ーーこの映画は実際にあった事件がもとになっています。同じようなテーマの別作品と今作『月』は、どのあたりが違うとお考えですか?
ここまで正面から、あの事件に向き合った作品はないんじゃないでしょうか。さとくんという役が最後の凶行に至る心の流れを冷静に見つめ、冷静に描いた作品は他にないと思います。
ーー本編ではさとくん以外にも、オダギリさんが演じている昌平にも、宮沢さんと二階堂さんが演じたふたりの“ようこ”にも、違う立場ながら、それぞれに思うことがありました。中でもオダギリさん演じた昌平は、唯一、観客の入り口になっているような印象を受けました。ご自身は昌平という役どんなように捉えて演じられていましたか?
4人のキャラクターの中で、唯一障害者施設の内情を見ていない、そういった闇を知らないキャラクターですからね。そういう意味では、観客と同じ立場にいると思います。

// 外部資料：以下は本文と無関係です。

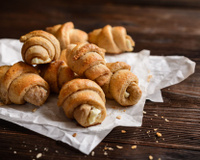 Petits croissants potimarron, noisettes et fourme d'Ambert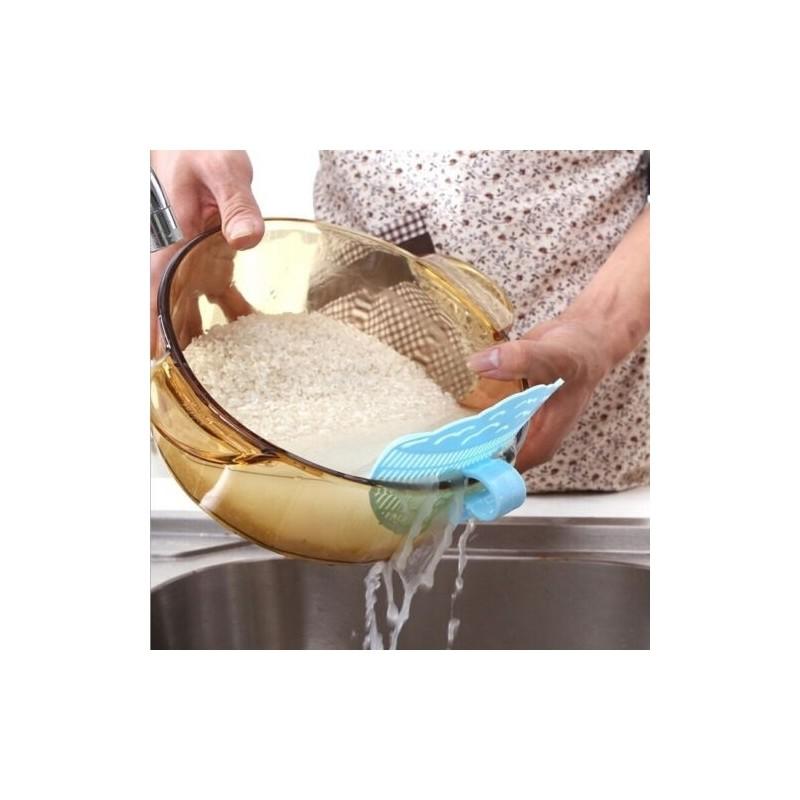 Plastic Smile Face Kitchen Food Filter With Clamp For Fruits And Vegetables Cleaning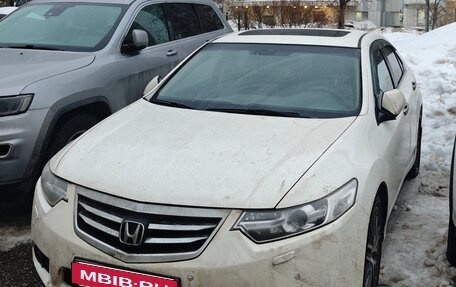Honda Accord VIII рестайлинг, 2011 год, 1 300 000 рублей, 2 фотография
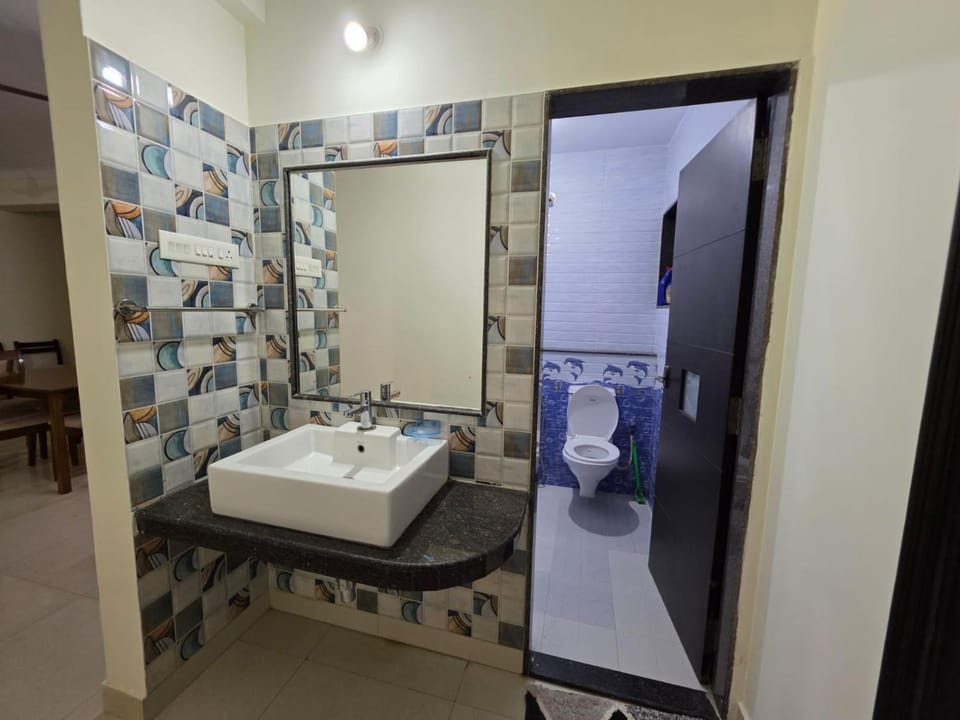2 bhk apartment baga beach road with kitchen Apartment in Baga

監督は、「この作品における唯一の『希望』を昌平に見出している」とおっしゃっていたので、そういう部分は大切にしようと思っていました。
ーーその役を担うにあたって、具体的に準備したなどのアプローチはありましたか?
監督から「施設の見学に行きますか?」って誘われもしたんですけど、唯一内情を知らない役柄でもあるので、”それを知ってしまうのもどうなのかな?”と思い、行かなかったんです。監督から「では、映像を用意しましょうか?」とも言われたんですが、それも結局見なかったですね。少なからず影響を受けてしまうものなので。